The crickets stopped chirping altogether; the owl hoots cut off. Even the wind died, leaving the midnight air filled only with a stillness that made the ears ache as they sought after the vanished sounds.

Then the wind returned with a howl and a rush, blowing her shirt flat to her body, chilling her to the bone and turning the blood in her veins to ice. It moaned, like something in pain, something dying by inches.

Then it changed, and whipped around her, twisting her garments into confusion. It swirled around her, picking up dead leaves and pelting her with them, the center of a tiny, yet angry cyclone that was somehow more frightening than the pounding lightning of the worst thunderstorm.

It lashed her with her own hair, blinded her with dust. Then it whisked away to spin on the road in front of her, twisting the leaves in a miniature whirlwind less than ten paces from her.

Her skin crawled, as if there were something watching her from the center of the wind. Malignant; that was what it felt like. As if this wind was a living thing, and it hated every creature it saw. . . .

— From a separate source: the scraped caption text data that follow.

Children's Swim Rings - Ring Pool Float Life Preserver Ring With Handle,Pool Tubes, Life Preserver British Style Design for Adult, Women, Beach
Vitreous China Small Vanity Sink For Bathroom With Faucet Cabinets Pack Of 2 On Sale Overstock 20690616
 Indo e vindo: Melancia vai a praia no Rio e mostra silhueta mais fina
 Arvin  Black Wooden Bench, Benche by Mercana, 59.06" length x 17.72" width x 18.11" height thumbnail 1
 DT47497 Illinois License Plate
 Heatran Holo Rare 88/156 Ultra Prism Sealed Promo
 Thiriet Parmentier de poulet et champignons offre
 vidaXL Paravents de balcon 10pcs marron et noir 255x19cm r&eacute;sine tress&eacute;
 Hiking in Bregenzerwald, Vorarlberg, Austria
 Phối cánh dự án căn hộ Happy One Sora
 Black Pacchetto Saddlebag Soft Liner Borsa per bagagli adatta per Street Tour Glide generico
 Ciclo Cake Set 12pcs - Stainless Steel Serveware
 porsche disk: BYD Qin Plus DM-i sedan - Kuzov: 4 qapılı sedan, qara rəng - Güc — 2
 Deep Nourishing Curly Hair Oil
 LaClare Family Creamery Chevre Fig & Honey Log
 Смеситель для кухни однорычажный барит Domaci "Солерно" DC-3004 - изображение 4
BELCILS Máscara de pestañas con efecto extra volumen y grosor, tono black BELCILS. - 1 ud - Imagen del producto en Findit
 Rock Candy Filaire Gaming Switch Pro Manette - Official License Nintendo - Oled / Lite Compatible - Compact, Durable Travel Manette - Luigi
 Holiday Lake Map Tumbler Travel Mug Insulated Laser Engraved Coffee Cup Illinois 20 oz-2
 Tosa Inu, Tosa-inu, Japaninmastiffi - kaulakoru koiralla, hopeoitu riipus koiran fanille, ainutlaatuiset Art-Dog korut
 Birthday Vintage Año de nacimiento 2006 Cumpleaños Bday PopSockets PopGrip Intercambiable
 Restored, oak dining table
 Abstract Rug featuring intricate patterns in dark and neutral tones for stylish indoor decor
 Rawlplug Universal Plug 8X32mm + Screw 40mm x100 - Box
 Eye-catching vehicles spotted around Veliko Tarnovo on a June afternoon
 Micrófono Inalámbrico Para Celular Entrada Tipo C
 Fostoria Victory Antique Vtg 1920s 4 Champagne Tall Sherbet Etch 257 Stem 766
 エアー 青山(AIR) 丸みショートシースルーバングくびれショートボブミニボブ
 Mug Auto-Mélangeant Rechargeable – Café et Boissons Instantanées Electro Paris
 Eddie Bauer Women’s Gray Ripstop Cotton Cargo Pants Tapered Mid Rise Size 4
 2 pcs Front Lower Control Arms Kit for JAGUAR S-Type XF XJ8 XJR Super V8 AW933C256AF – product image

She shook her hair out of her eyes, hugged her arms to her body and shook with cold and the prickling premonition of danger. She couldn't take her eyes off the whirlwind and the swirling leaves caught in it. The leaves- it was so strange, she could see every vein of them-

A claw of ice ran down her spine, as she realized that she could see every vein of them-because they were glowing.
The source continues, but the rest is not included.